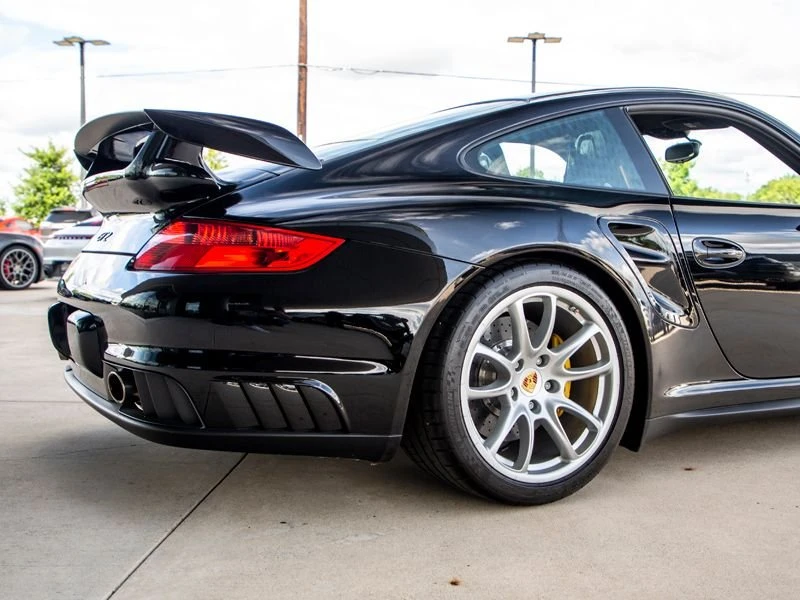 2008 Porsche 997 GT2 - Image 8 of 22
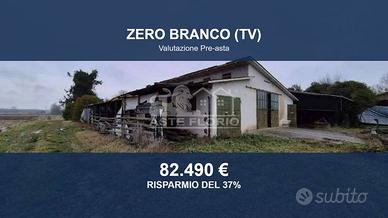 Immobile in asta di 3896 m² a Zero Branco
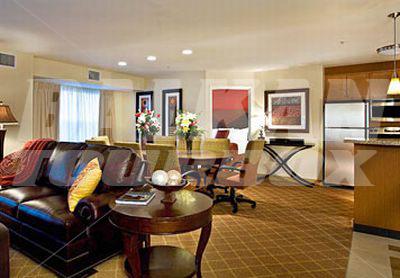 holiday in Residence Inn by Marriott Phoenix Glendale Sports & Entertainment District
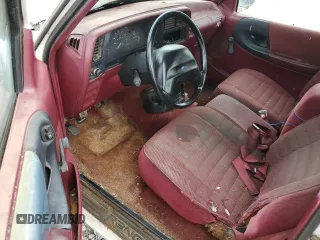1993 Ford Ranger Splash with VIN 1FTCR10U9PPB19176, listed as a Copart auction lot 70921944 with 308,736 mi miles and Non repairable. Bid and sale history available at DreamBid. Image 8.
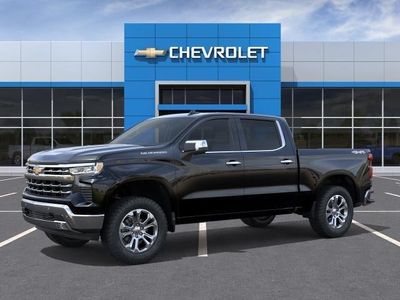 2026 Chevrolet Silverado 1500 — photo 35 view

· · ·

Description of the task: All lines from the one containing "holiday in Residence" through the end of the entries, both ends included, should be written out exactly, with no pictures.

Written answer:
 holiday in Residence Inn by Marriott Phoenix Glendale Sports & Entertainment District
1993 Ford Ranger Splash with VIN 1FTCR10U9PPB19176, listed as a Copart auction lot 70921944 with 308,736 mi miles and Non repairable. Bid and sale history available at DreamBid. Image 8.
 2026 Chevrolet Silverado 1500 — photo 35 view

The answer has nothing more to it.